The unprecedented Saudi refusal to take up its Security Council seat is not just about Syria but a response to the Iranian threat
The Independent, 23 October 2013
The Muslim world’s historic – and deeply tragic – chasm between Sunni and Shia Islam is having worldwide repercussions. Syria’s civil war, America’s craven alliance with the Sunni Gulf autocracies, and Sunni (as well as Israeli) suspicions of Shia Iran are affecting even the work of the United Nations.
Saudi Arabia’s petulant refusal last week to take its place among non-voting members of the Security Council, an unprecedented step by any UN member, was intended to express the dictatorial monarchy’s displeasure with Washington’s refusal to bomb Syria after the use of chemical weapons in Damascus – but it also represented Saudi fears that Barack Obama might respond to Iranian overtures for better relations with the West.
The Saudi head of intelligence, Prince Bandar bin Sultan – a true buddy of President George W Bush during his 22 years as ambassador in Washington – has now rattled his tin drum to warn the Americans that Saudi Arabia will make a “major shift” in its relations with the US, not just because of its failure to attack Syria but for its inability to produce a fair Israeli-Palestinian peace settlement.
What this “major shift” might be – save for the usual Saudi hot air about its independence from US foreign policy – was a secret that the prince kept to himself.
Israel, of course, never loses an opportunity to publicise – quite accurately – how closely many of its Middle East policies now coincide with those of the wealthy potentates of the Arab Gulf.
Hatred of the Shia/Alawite Syrian regime, an unquenchable suspicion of Shia Iran’s nuclear plans and a general fear of Shia expansion is turning the unelected Sunni Arab monarchies into proxy allies of the Israeli state they have often sworn to destroy. Hardly, one imagines, the kind of notion that Prince Bandar wishes to publicise.
Furthermore, America’s latest contribution to Middle East “peace” could be the sale of $10.8bn worth of missiles and arms to Sunni Saudi Arabia and the equally Sunni United Arab Emirates, including GBU-39 bombs – the weapons cutely called “bunker-busters” – which they could use against Shia Iran.
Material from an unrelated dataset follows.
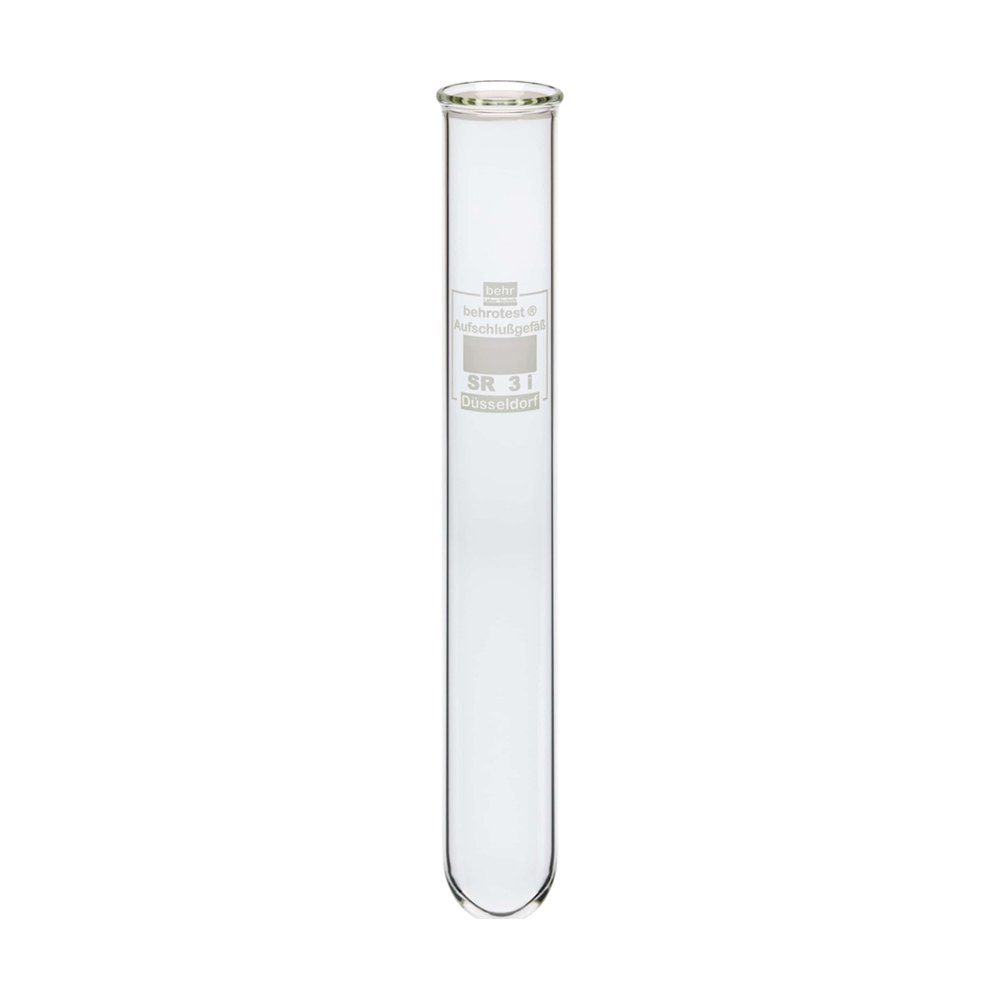 behr Labor-Technik™ Récipients de digestion à fond rond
Israel, of course, possesses the very same armaments.
Whether the hapless Mr Kerry – whose risible promise of an “unbelievably small” attack on Syria made him the laughing stock of the Middle East – understands the degree to which he is committing his country to the Sunni side in Islam’s oldest conflict is the subject of much debate in the Arab world. His response to the Saudi refusal to take its place in the UN Security Council has been almost as weird.
After lunch on Monday at the Paris home of the Saudi Foreign Minister, Saud al-Faisal, Kerry – via his usual anonymous officials – said that he valued the autocracy’s leadership in the region, shared Riyadh’s desire to de-nuclearise Iran and to bring an end to the Syrian war. But Kerry’s insistence that Syrian President Bashar al-Assad and his regime must abandon power means that a Sunni government would take over Syria; and his wish to disarm Shia Iran – however notional its nuclear threat may be – would ensure that Sunni military power would dominate the Middle East from the Afghan border to the Mediterranean.
Few realise that Yemen constitutes another of the Saudi-Iranian battlegrounds in the region.